Meu nome é Laura e vim te parabenizar pelo seu blog, que é simplesmente maravilhoso! Lindo! Agora vem a parte difícil: eu queria muito a sua ajuda para um probleminha... Tenho treze anos e me acho feia e magricela, sabe? Nunca contei a ninguém porque tenho certeza que vão falar “Nossa, você é magrinha, meiguinha e ainda reclama. Tem um monte de gordinha que dava tudo para ser como você!”. Mas isso não ia me fazer sentir mais especial, sabe? Vimemos em um mundo em que a busca pela perfeição é uma rotina e já estou cansando disso. Me sinto feia e fora dos padrão... Não tenho olhos azuis ou verdes, não são tão alta digna de uma modelo e apenas estou perdida... Por favor, responda.
Minha resposta: Laura querida, queria muito poder te ajudar. Queria mesmo que uma resposta minha te resguardasse de todo o condicionamento da sociedade sobre o que é ser linda. Mas isso não é possível. Acho que já narrei uma conversa que tive com uma amiga, também feminista, doutora, e crítica da mídia: ela estava perguntando como que a gente, que está a par de toda a manipulação, que estudou e continua estudando tanto, não está a salvo de se deixar abater por um padrão de beleza que insistem em nos impor? É muito, muito difícil se autoaceitar. Somos ensinadas a odiar nossos corpos. Recebemos dezenas de lições todos os dias, vindas de todos os lados, de como nossos corpos são inadequados e vergonhosos, e de como problemas que a gente nem sabia que tinha precisam ser resolvidos com a máxima urgência (por exemplo: clareamento anal).
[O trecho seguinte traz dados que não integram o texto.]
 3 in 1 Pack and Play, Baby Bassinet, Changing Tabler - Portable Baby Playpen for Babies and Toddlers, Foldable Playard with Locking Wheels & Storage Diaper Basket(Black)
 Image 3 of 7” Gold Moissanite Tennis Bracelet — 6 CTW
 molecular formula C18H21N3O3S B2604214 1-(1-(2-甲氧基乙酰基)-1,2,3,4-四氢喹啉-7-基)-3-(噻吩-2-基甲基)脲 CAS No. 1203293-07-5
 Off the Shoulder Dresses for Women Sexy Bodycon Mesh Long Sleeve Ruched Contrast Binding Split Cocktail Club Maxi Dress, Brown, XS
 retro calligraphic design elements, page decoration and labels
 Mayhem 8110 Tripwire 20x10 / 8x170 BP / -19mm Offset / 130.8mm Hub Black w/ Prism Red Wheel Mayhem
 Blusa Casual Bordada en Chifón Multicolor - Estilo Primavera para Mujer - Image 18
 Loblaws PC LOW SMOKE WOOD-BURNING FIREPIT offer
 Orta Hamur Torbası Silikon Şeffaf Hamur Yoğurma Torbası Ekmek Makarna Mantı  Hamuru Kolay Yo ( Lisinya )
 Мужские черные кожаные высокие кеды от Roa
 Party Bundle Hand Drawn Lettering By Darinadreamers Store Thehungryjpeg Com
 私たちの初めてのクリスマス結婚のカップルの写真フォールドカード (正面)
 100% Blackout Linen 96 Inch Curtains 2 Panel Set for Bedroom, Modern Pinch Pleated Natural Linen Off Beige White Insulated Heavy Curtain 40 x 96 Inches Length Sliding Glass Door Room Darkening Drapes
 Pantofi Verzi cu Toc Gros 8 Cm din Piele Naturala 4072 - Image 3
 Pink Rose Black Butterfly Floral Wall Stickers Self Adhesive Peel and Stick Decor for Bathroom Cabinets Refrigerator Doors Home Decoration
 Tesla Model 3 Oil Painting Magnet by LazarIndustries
A pergunta talvez seja por que nos cobram essa busca eterna pela perfeição. Bom, a pergunta está muito inocente, muito sem sujeitos. Quem nos cobra? A mídia, nossos pais, nossos amigos, quem nos educa, todo mundo. E quem é cobrada? Certamente mulheres são cobradas pela beleza física muito mais do que homens. E quando digo “são cobradas” não excluo, de jeito nenhum, que nós mulheres fazemos enormes cobranças a nós mesmas. Aprendemos a ser implacáveis umas com as outras. Aprendemos que temos que estar sempre competindo, que o prêmio é a aceitação dos homens, e que nossas armas são a aparência física. Parece que é só isso que importa, né? Só nossa aparência, como se não tivéssemos ideias e conquistas que não dependem em nada da aparência.
A outra vertente -– que não necessariamente contraria a primeira –- é que fazer com que as mulheres se preocupem unicamente com sua aparência nos distrai de pensar em coisas mais importantes, como, sei lá, mudar o mundo e ser igual a um outro gênero aí. Trata-se de uma forma de opressão extremamente eficiente. Pense em quantas meninas sabem que serão julgadas por sua aparência e, por esse motivo, evitam falar em público. Tem mulher que não vai à praia por ter vergonha do seu corpo. Se a gente pensar bem, verá que a exigência pela perfeição começou a vir com tudo num momento em que as mulheres estavam cada vez mais fortes. Foi no final dos anos 60 que o padrão de beleza ficou mais magro (e, portanto, mais impossível de se atingir). Um dado que eu considero interessantíssimo é que a celulite foi inventada nos anos 70. Não que ela não existisse antes, óbvio, é só que não era algo visto como preocupante. Não era um problema, e, portanto, não havia nome pra esse “mal” que acomete tantas mulheres. E quem é mais fácil de dominar? Alguém autoconfiante, que se gosta, ou alguém que se odeia? Imagine como deve ser acordar todo dia, se olhar no espelho, e gostar do que vê, em vez de ficar procurando mil e um defeitos? Imagine o poder que essa atitude nos dá.
Uma pergunta que você deve fazer a si mesma é: por que você quer ser linda? Por que estar fora do padrão (não ser tão alta ou ter olhos claros) te aflige? A propaganda vendida pra gente é que pessoas lindas não têm problemas, que a vida delas é perfeita. Mas ninguém acredita nisso de verdade. A contrapartida é que mulheres feias (e temos nomes pra elas que não temos pra homens: baranga, mocreia, dragão, etc) não seduzem ninguém e morrem sós. A gente também sabe que isso é mentira. Afinal, a enorme maioria das mulheres no Brasil está fora do padrão de uma Gisele ou Ana Hickman, e mesmo assim continuamos transando, namorando, casando, enfim, tendo relacionamentos afetivos e sexuais.